Allocutions

      

Restez avec le Sauveur, vivez avec lui

Instruction du mercredi 21 juillet 1886
à la chapelle du Petit Collège à la réception au noviciat et du départ pour le Cap des Pères Charles Fromentin et Paul Rougelot

Mes enfants, la cérémonie de ce soir a un caractère particulier. Nous avançons pour vous deux le temps de la réception au noviciat. Cette réception immédiate, ce départ pour une mission lointaine et laborieuse paraît dire que nous allons bien vite en besogne.

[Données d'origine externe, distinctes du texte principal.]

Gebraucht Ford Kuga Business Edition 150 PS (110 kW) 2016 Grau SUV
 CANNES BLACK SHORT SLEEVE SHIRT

Il semble que lorsqu'on envoie quelqu'un si loin, on doive choisir parmi ceux qui ont souffert, qui ont consommé une partie de leur être à se préparer à ce grand acte, parmi les vétérans du sacerdoce et de l'état religieux, parmi ceux qui ont la lumière des sciences acquises, afin qu'ils emportent des habitudes formées, l'énergie pour supporter l'exil, la fatigue, la misère. Et c'est tout le contraire qui arrive aujourd'hui.

C'est que nous ne nous confions pas aux moyens humains mais en Dieu seul. En vous quittant, mes enfants, votre maître des novices, vos frères, vos Pères ne vous laisseront pas orphelins. Vous allez là, dans ce pays lointain, sous le regard de Dieu, de saint François de Sales, de la bonne Mère. Vous êtes enfants encore: ils vous conduiront dans le chemin, comme dit le prophète, en vous tenant par la main droite. Tant mieux, mes enfants, si nous ne pouvons avoir confiance en vous, tant mieux, nous aurons d'autant plus confiance en Dieu. Ce n'est ni en votre science, ni en votre puissance, ni en votre piété même que nous nous confions, c'est en Dieu seul. Il vous donnera ce qui vous manque, il fera le reste en vous.

Prenez courage. Que ce courage anime à jamais votre cœur. Nous allons nous ne savons où, mais il sera bon pour nous de nous y trouver, car nous n'y serons pas seuls, nous y serons avec le Sauveur.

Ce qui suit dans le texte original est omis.